Unwilling or incapable of learning from the UK’s disastrous MOX fuel experiences, yesterday’s Government approval for the re-use of plutonium as MOX fuel is branded by CORE as a ‘decision made in the dark that yet again puts the proverbial cart before the inevitable nuclear white elephant’.
With a preliminary decision taken by Government even before its Department of Energy and Climate Change (DECC) public consultation on plutonium management had started, it nevertheless promised that final approval for the re-use option was conditional on a range of major issues – including costs and demand for MOX fuel – being tested and resolved ‘before the UK Government will be in any position to take a final view (emphasis added).
CORE’s spokesman Martin Forwood said today
It is inconceivable that any major issues have yet been sufficiently tested since the end of the consultation to allow a final view now to have been taken.
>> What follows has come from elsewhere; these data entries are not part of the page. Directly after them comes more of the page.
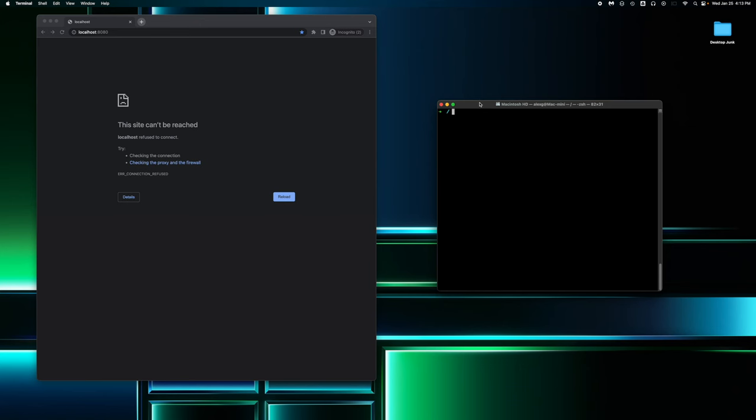Today we're going to be installing and configuring Apache web server on Mac OS 13.3 as of time of recording. I noticed that there's not really many tutorials on YouTube on setting up Apache web server for anything above OS X, so I decided to make this video since I did manage to set this up myself last night.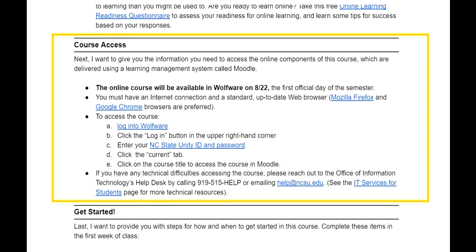The course access section gives clear instructions on how and when students can get into the course, including how to go through Wolf Wear, which is new to some students. It also includes links to technical help.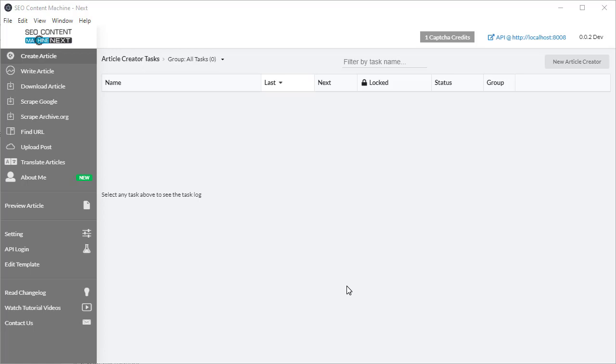Hello there, welcome to another SEO Content Machine tutorial video. Today we're going to talk about the article creator and what to do if you are running out of content.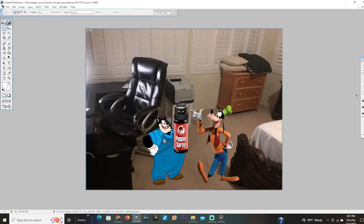Hi Goofy. What do you want Pete? I'm gonna pepper spray you. What, no no no no no. Please don't pepper spray me. Well too bad.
This is clearly a decision made in the dark and one that has absolutely nothing to do with the open and transparent selection of plutonium management options and everything to do with capitulating to pressure from an industry still smarting from the embarrassing failure of the Sellafield MOX Plant SMP which has so far cost the taxpayer £1.4Bn’
The weakness of its case for the re-use of plutonium as MOX fuel has undoubtedly prevented the Government from going ‘the whole hog’ and putting its weight behind the construction of a new MOX plant at Sellafield or elsewhere in the UK. In its document published yesterday ‘Management of the UK’s plutonium stocks – A consultation response on the long-term management of UK-owned separated civil plutonium’ the Government however suggests that the construction of a new MOX plant could begin around 2019 with the first MOX fuel being fabricated in 2025.
Martin Forwood added Given the Government’s admission that producing MOX fuel in a new plant has no commercial merit but simply provides a way of putting plutonium ‘beyond reach’, squandering a further £3Bn of hard-pressed taxpayers’ money into a plant that will directly support just 600 workers is an obscene nonsense’.